In Saudi Arabia, women now can cast a vote and run for office
Voting rights for Saudi women took another step forward this week. Female candidates began registering to run in upcoming municipal elections — and for the first time, women will be able to vote for them.
Voter registration began in mid-August and goes through mid-September. Sunday marked the start of candidate registration for the Dec. 12 municipal elections.
The developments came ahead of King Salman’s visit to the White House on Friday, when he and President Barack Obama are expected to discuss counterterrorism efforts, the conflicts in Yemen and Syria, and the Iran nuclear agreement.
In 2011, the now-late King Abdullah said women would be allowed to vote and run for local office in 2015 elections, and advocates were watching to see if his successor King Salman would follow through on his promise.
“It’s symbolically very important” that he did, said Adam Coogle, a Middle East researcher for Human Rights Watch.
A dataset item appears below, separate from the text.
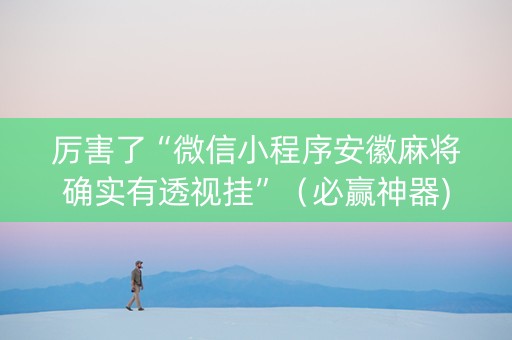 厉害了“微信小程序安徽麻将确实有透视挂”（必赢神器)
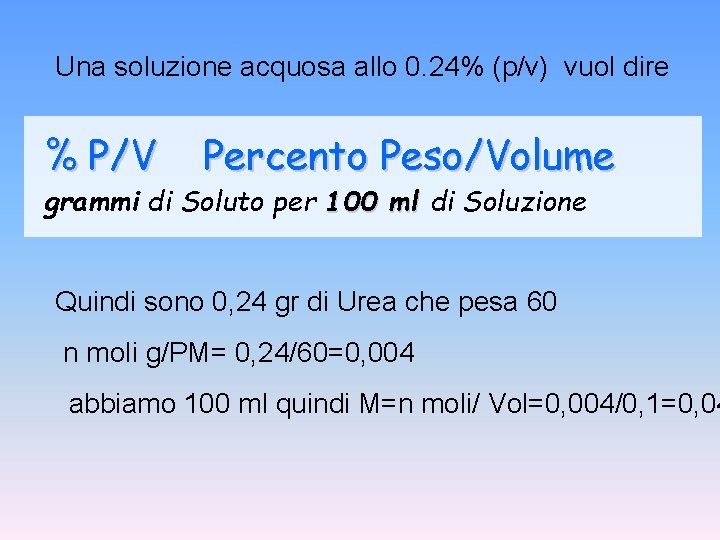 Una soluzione acquosa allo 0. 24% (p/v) vuol dire % P/V Percento Peso/Volume grammi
It sends a clear message to Saudi society including the conservative population that progress on women’s issues, which started under King Abdullah, will continue, he said.
Municipal councils are the only elected bodies in the kingdom. They handle local matters, such as zoning changes, and until now the portion that wasn’t appointed was elected by men only.
This year, both men and women will vote, but separately — about one-third of the 1,263 voting sites will be designated for female voters in the conservative Muslim country, reported the Saudi Gazette.
But according to media reports, registration among women was getting a slow start.
Part of the reason might be some women — in addition to men — feel the councils are inconsequential and are simply not interested in participating, said Coogle. But women also face a unique set of challenges. To register, women need a valid ID card and proof of residency, which can be difficult to obtain since their names are usually not listed on deeds or utility bills, he said. Women also can’t drive to registration sites unless they are accompanied by a male.
“If the women’s male relative didn’t want them to participate, he could probably keep them from participating,” Coogle said.
Saudi Arabia’s male guardianship system is a larger issue that needs to be addressed, he continued. Women must get permission from a male relative to get a job, go to university, even get married, he said. “These are serious steps that the government needs to look at if it really wants to liberate women and fundamentally change the role that Saudi women can play in society.”